REEVES: Normally - this is normally a very busy area in town. Just looking at the shops out of the window - that one's closed, another's closed, open, closed, closed, closed, closed, closed. So the city is locking up. It's strange, seeing a vast and raucous port city stop in its tracks. Karachi is Pakistan's economic hub. It generates the lion's share of the national revenues. Lots of money's being lost, thanks to Scotland Yard's arrest of Hussain. Much of this is about fear - Karachi is awash with feuding ethnic and sectarian groups, armed with guns and grudges. Party workers regularly wind up dead. Hussain's chief following are Karachi's Urdu speakers, who originally migrated from India during partition. His party holds almost all Karachi's 20 seats in Pakistan's parliament. But his real power lies on the city streets, exercised by his multitude of activists. This is all about South Asia's tradition of personality cults, says Karachi journalist, Badar Alam.

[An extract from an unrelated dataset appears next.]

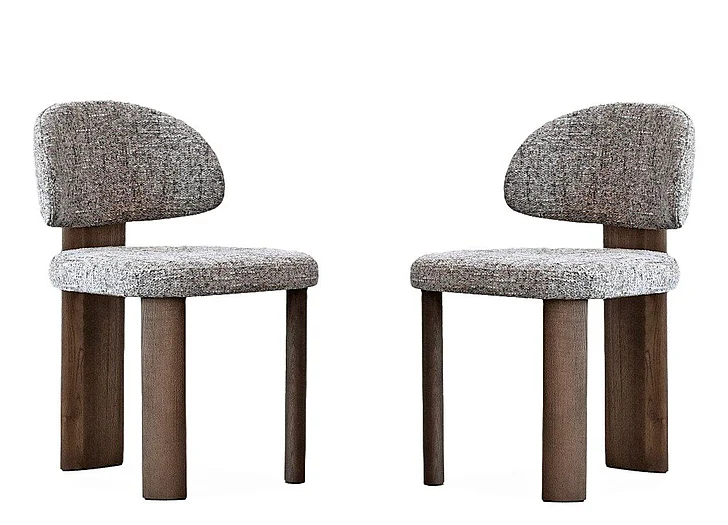 Mobital Sake Dining Chair Koala Tweed Fabric (Set of 2) DCH-SAKE-KOAL-EBASH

BADAR ALAM: And he has, very carefully and very successfully, cultivated a personality cult. He is not just a political leader. He is also known as a spiritual leader for the community that he represents.
REEVES: Hussain's political enemies have, over the years, accused his party of murder and extortion and land grabbing - allegations the party denies.
MUHAMMAD FAROOQ SATTAR: They are fabricated, concocted.
REEVES: That's Muhammad Farooq Sattar, a top MQM politician. In the early '90s, Hussain took refuge in London, and has run his MQM party from there ever since. His absence doesn't seem to matter to his devotees at the sit-in. Sattar says they'll stay here, in the sweltering heat, until they're sure the British are treating their beloved leader properly.
SATTAR: They are concerned about whether his basic rights are being protected. And their gravest concern is safety of his health, his life, his well-being.
REEVES: The order's gone out to Hussain's followers to stay calm and they seem to be obeying. But plenty of people here worry about what might happen in Karachi if their beloved leader winds up in a British jail. Philip Reeves, NPR News, Karachi.